The script starts with a shot of a sunrise, and Kilgore's version of Ring of Fire is the audio.

Ring Of Fire has also been cut by a vast galaxy of artists including the late Frank Zappa and Mark Collie.

The camera pans to a high-rise apartment building and zooms in through an open apartment door to reveal a briefcase and shoes in a messy heap on the floor.

The bathroom door opens, a relieved woman in business attire walks out, and the camera zooms in on a tube of Preparation H in the bathroom.

Kilgore used a hemorrhoid joke onstage whenever he'd introduce Ring of Fire.

''I'd say, 'Ladies and gentlemen, I want to give credit where credit is due. I dedicate this song to the makers of Preparation H,' '' Kilgore revealed.

''And they would just fall out. So when the song publisher called and told me about it, I said, 'I can't believe it!' ''

Merle Kilgore

ROSANNE CASH

Also in disbelief were Carter-Cash clan survivors headed by Rosanne - singing daughter of the man in black and former singing spouse of Texan troubadour Rodney Crowell.
''There is no way we will ever let that happen,'' Rosanne roared.

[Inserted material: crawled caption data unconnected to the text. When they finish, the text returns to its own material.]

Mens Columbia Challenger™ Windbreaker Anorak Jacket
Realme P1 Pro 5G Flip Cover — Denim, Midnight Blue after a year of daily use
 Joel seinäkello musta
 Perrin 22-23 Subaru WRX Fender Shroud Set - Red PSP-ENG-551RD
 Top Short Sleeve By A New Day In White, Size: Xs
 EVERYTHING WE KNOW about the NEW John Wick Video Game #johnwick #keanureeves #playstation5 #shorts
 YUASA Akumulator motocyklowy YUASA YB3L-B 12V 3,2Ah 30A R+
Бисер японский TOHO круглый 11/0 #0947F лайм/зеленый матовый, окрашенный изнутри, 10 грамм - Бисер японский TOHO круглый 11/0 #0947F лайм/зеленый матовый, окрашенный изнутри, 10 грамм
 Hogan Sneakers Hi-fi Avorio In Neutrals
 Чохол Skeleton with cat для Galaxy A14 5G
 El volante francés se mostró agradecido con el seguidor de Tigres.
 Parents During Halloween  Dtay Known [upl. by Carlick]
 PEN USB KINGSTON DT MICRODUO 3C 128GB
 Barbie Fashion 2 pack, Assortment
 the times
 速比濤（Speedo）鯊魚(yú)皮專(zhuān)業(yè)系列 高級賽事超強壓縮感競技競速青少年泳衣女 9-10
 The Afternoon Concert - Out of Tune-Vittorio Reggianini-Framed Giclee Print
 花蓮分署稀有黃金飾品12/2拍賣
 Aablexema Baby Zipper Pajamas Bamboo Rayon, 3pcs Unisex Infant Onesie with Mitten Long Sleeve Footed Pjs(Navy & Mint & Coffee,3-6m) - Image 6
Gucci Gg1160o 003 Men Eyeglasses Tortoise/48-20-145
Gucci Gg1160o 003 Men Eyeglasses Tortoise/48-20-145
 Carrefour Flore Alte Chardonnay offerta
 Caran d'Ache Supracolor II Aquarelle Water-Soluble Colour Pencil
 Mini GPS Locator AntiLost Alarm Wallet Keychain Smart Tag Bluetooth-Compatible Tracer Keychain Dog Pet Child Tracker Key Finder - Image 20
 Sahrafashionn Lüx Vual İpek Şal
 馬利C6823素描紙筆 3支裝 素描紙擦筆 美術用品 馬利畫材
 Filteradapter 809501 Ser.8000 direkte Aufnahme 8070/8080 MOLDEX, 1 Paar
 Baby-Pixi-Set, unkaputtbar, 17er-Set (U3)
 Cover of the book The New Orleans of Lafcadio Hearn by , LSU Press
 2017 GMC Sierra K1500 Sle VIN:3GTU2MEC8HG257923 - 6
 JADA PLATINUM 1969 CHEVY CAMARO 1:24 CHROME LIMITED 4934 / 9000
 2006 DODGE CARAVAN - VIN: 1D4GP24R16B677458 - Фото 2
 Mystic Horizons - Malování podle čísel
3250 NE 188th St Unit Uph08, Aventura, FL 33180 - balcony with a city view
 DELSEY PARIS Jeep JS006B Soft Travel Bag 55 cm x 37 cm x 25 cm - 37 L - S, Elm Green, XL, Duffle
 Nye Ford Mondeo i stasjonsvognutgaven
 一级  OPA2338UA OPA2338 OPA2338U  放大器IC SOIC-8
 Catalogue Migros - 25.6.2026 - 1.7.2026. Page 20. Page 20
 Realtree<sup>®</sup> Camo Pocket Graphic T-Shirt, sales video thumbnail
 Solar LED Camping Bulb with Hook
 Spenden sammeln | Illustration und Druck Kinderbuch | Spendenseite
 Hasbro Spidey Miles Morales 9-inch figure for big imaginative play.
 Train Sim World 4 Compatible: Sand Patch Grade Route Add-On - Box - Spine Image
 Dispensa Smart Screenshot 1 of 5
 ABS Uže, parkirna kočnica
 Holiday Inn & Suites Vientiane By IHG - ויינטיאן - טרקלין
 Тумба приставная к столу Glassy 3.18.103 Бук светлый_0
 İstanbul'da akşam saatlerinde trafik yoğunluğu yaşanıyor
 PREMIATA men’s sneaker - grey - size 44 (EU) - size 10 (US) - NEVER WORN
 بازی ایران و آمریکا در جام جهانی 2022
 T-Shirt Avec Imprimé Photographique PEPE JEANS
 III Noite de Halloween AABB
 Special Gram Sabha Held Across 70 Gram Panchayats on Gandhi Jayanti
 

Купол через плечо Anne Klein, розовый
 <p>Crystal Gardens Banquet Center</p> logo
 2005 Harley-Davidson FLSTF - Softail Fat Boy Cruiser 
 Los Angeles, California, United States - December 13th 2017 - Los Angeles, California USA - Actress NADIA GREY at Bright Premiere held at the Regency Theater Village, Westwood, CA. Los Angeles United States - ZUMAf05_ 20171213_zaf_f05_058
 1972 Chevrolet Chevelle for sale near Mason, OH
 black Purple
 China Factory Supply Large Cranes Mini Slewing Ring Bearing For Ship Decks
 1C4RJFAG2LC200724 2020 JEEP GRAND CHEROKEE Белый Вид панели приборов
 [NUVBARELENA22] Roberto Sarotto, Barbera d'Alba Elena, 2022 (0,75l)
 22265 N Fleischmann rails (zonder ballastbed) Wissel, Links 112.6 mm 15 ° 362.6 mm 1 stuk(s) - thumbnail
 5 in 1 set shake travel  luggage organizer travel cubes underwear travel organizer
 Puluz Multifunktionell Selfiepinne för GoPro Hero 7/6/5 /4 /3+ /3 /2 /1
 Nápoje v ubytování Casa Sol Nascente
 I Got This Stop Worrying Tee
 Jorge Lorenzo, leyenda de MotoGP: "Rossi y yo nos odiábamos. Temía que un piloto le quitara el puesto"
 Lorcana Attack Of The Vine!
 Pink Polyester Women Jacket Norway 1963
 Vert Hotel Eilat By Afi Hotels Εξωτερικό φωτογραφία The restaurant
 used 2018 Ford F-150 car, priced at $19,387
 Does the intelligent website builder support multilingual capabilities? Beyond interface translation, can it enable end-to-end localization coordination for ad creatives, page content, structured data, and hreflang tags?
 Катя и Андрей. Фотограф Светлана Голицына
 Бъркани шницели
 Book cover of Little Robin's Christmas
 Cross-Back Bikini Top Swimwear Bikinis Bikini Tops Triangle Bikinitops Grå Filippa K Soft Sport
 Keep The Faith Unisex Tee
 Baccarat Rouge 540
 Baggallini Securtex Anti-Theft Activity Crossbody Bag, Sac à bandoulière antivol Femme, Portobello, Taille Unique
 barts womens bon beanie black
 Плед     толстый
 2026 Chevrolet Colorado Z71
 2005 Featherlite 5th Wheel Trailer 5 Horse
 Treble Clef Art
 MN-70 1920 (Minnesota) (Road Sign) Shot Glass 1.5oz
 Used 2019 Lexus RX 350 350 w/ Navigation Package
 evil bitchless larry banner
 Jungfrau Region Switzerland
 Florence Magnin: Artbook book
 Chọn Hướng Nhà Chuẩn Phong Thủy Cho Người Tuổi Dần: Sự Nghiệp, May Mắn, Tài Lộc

''We would never allow the song to be demeaned like that.''

''He (Merle) started talking about this moronic tie-in without talking to any of us,'' said Rosanne, now 47 and latter day wife of producer and songwriter John Leventhal.

''The song is about the transformative power of love and that's what it has always meant to me and that's what it will always mean to the Cash children.''

Merle, best man at the Cash-Carter wedding on March 1. 1968, stepped back from the fire after it burned him.

"'I certainly didn't want to upset the Cash family because I love them," says Merle, "I just thought it was kind of funny.''

KANE ABLE FOR AUSSIE TOUR

Kane was bemused when he learned of the Ring Of Fire blaze storm during an interview to promote his March tour with Welch.

"I wouldn't think they (the Cash family) would be happy with that," Kane, 54, told me in a call from Nashville on the eve of his fifth Australian tour with Kevin Welch.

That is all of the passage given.